Who am I?
My name is Remco de Zwart, and I am working for Districon for almost 2,5 years now. I have a study background in Supply Chain Management and afterwards I started my career at Bakker Logistics, a 3PL in the food industry.
Within the Districon team I have several roles I would like to tell you about.
Firstly, my role is to be a good colleague within the Districon team. I try to do that by creating a good atmosphere in the office, or at the client, because I really believe the quality of the output of your work increases when you enjoy going to work. Therefore, I regularly organize team activities as pub quizzes, sport events and drinks to challenge each other and have lots of fun off course.
Secondly, also not unimportant, I try to be a valuable consultant of the LCO (Logistics Center and Operations) team. The last 2,5 years I’ve seen my learning curve increase exponentially because I can learn from so many logistic industries and from working together with very smart colleagues. Industries I have seen are fashion, building materials, pharmaceuticals and military. And the last 8 months I worked for Bol.com to be part of the design team for their new fulfillment center. My focus always lies on helping the customer make the right choices in internal logistics. Or analyzing internal logistics can help the client in making the right decision of purchasing the right plot for a new warehouse.
What can I do for you?
By summarizing my projects for this item, I’m noticing a shift from conventional warehouses towards (partly) automated warehouses. Not that surprisingly given the increasing amount of automation options, the lower threshold, combined with a more and more challenging labor market. Because of these reasons we see much more requests in this nature, and gladly so. Because I really love comparing different kind of logistical methodologies with each other, for example, when is there an operational fit for a shuttle system compared to an Autostore? When should pick-by-voice be considered compared with conventional flowrack picking or using Locus robots? Or when should you choose for depalletizing robots compared to manual depalletizing?
Being able to advice customers in answering these kind of questions means, among other, the following:
- Have an analytical (quantitative) base
- Comparing multiple scenarios means calculating with a lot of numbers.

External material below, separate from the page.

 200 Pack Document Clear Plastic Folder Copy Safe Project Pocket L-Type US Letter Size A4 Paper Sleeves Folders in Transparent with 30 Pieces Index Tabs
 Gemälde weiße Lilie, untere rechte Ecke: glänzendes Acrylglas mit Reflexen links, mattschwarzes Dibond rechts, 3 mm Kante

Increased throughputs and less required squared meters versus a capital expense.
- Don’t underestimate qualitative elements
- Besides numbers, never underestimate qualitative elements as safety, ergonomics or quality which can be just as important as ROI’s
- Be aware of all MHE innovations
- Relationships with potential suppliers, are therefore, important. Remaining objective, every time again, is that even more.
- Be critical towards your customer
- Because sometimes the best way forward is not to automate, which can conflict towards the customers' expectations.
Outlook towards the future
I’m expecting to do more automation related projects in the future. Helping customers in making the best logistical decision to be ready for the coming decade.
I’m also expecting to become more active in making new colleagues more enthusiastic about warehousing. We are, therefore, going to organize field trips to MHE suppliers to see the newest innovations in practice, so we can consider those solutions within our projects.
Last, I’m expecting to learn a lot from the competences of my new Royal Haskoning DHV colleagues. Since October 1st, we moved to the Amersfoort headquarters and I’m very curious to see how we can strengthen each other. Especially given the automation outlook on the future, I'm sure their emulation and simulation skills will enhance this in projects where multiple systems must align.
Which colleague would you like to be in the spotlight next?
I would like to nominate Jesse Bleij for the next “In the Spotlight”. Jesse focuses on Supply Chain modeling. I am curious to hear more about his challenges and experiences.